It's the 50th anniversary of the phrase, "It's 10 PM: Do you know where your children are?"

It started in the summer of 1967, where riots led many cities across the country to set curfews, including New York, which would feel effects of rioting in nearby Newark in mid-July of that year.

Enter Mel Epstein of New York's WNEW-TV (now Fox O&O WNYW). At the time, his title was Director of On-Air Promotions (right away, you know this had to take place 50 years ago, as you'd be hard-pressed to find anyone with such a title working at a single TV station in 2017). As a result of the tension, Epstein coined the iconic phrase, which would be coined by WNEW personality Tom Gregory at the start of the station's nightly broadcast of "The 10 O'Clock News" - the franchise itself also marking its golden anniversary this year - as a reminder to viewers with children that they should not be on the streets at that hour.

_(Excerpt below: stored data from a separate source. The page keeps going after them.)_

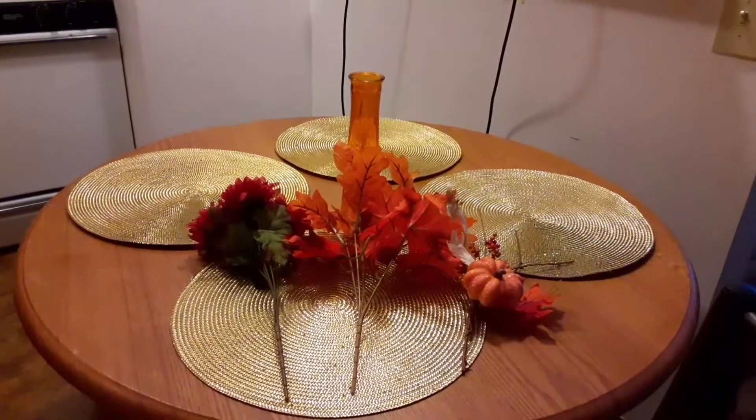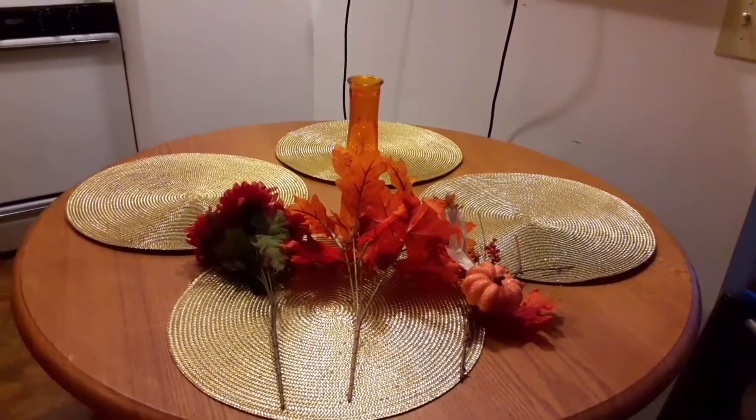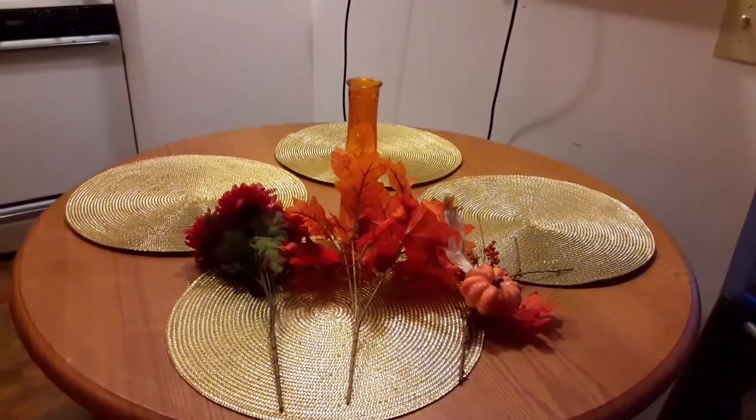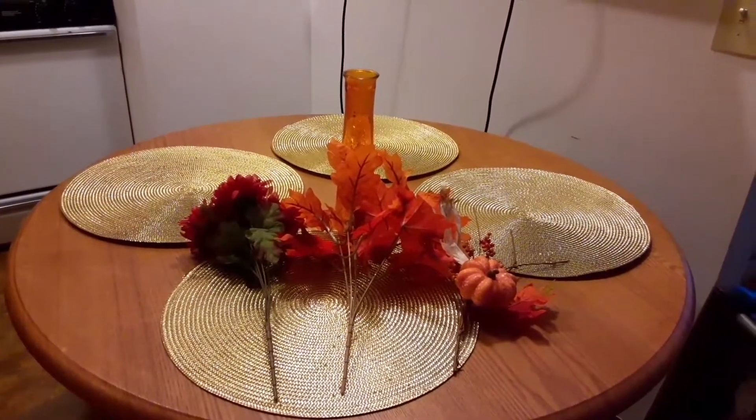Good morning. I will be doing videos on flower arranging. The vases I get over at Dollar Tree because they have colored vases at a reasonable price. The flowers I get over at Walmart because they're the cheapest.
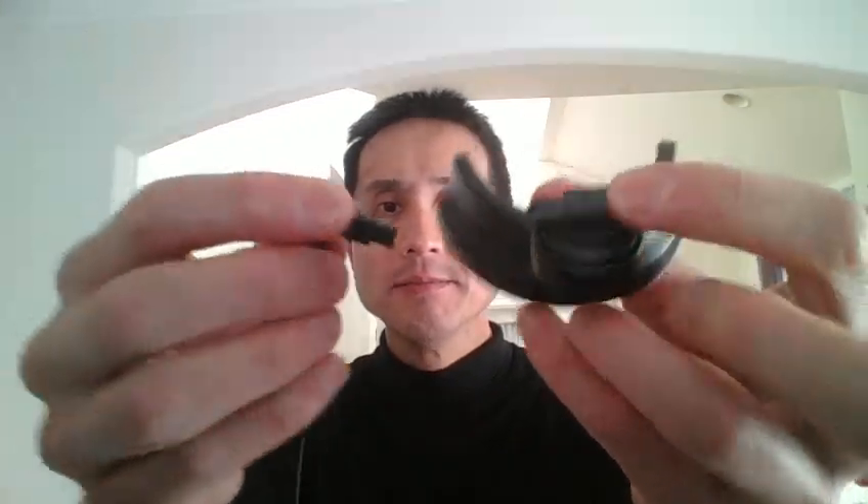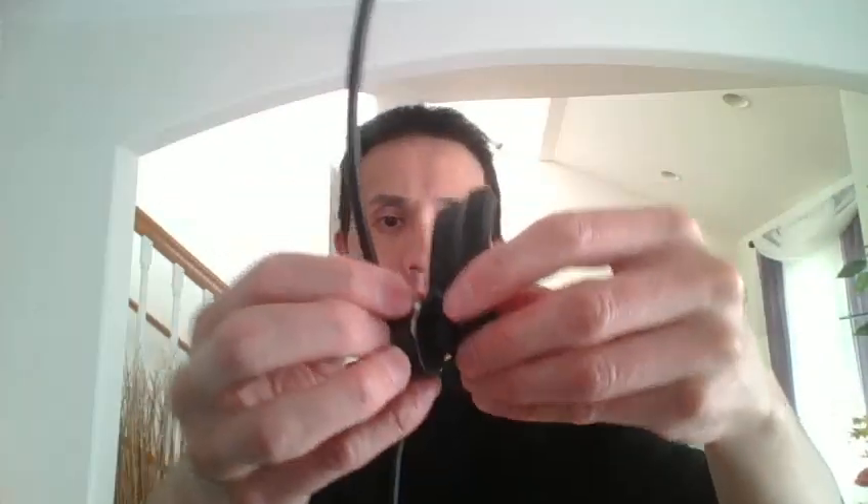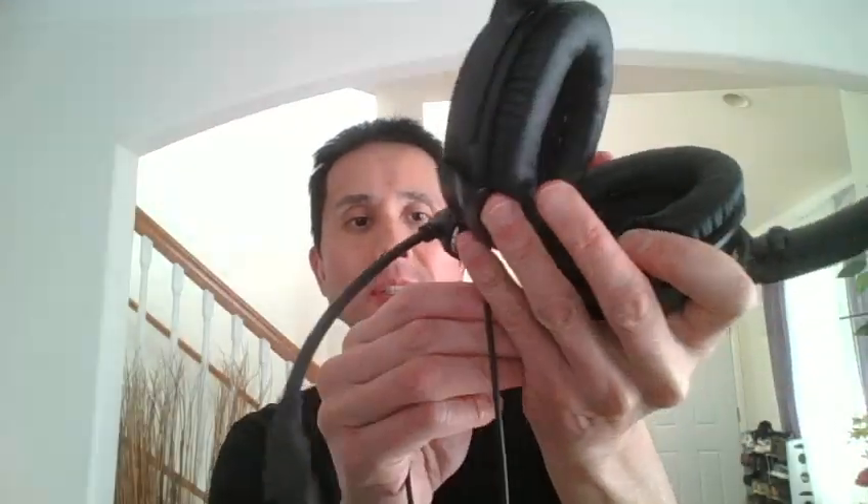Let me show you the new connector. So here you go — there's a nice tight fit, and then let's put it on the headphone. I'll put it on the right side. When you hear a click, that's when it's firmly in place, and then I plug in the headphone on the left side.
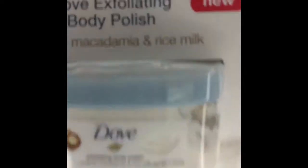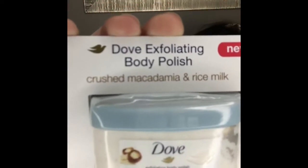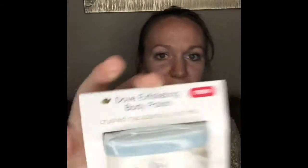So today we are going to be reviewing, like the title says, the Dove Exfoliating Body Polish in the Crushed Macadamia and Rice Milk kind. There are two other kinds — a kiwi and a pomegranate kind. I got this to review through Topbox, which is like a review slash subscription company that's online. If you're down for getting samples of stuff, you should check it out and sign up.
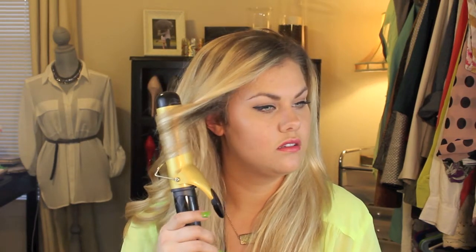Curl away from the face again, just grab little ends and keep going. It just seems to work better. I'm going to finish the rest of my head and I'll be right back.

The phrase would prove to be the defining moment in the career of Gregory, who would have turned 90 years old on July 26.

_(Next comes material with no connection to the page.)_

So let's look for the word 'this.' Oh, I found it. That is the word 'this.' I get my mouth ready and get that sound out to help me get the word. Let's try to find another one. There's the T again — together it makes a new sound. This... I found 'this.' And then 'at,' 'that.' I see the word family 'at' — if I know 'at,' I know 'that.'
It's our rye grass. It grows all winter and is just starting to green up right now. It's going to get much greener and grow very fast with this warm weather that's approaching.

To this day, WNYW still poses the world-famous question prior to their prime-time newscast, even modifying it on nights when the news would start late due to runover from sports or other earlier programming (i.e. "It's after 10 PM: Do you know where your children are?").

I grew up in the Buffalo market where WKBW has been using the phrase, "It's 11:00...Do you Know Where you Children Are?" for years and years.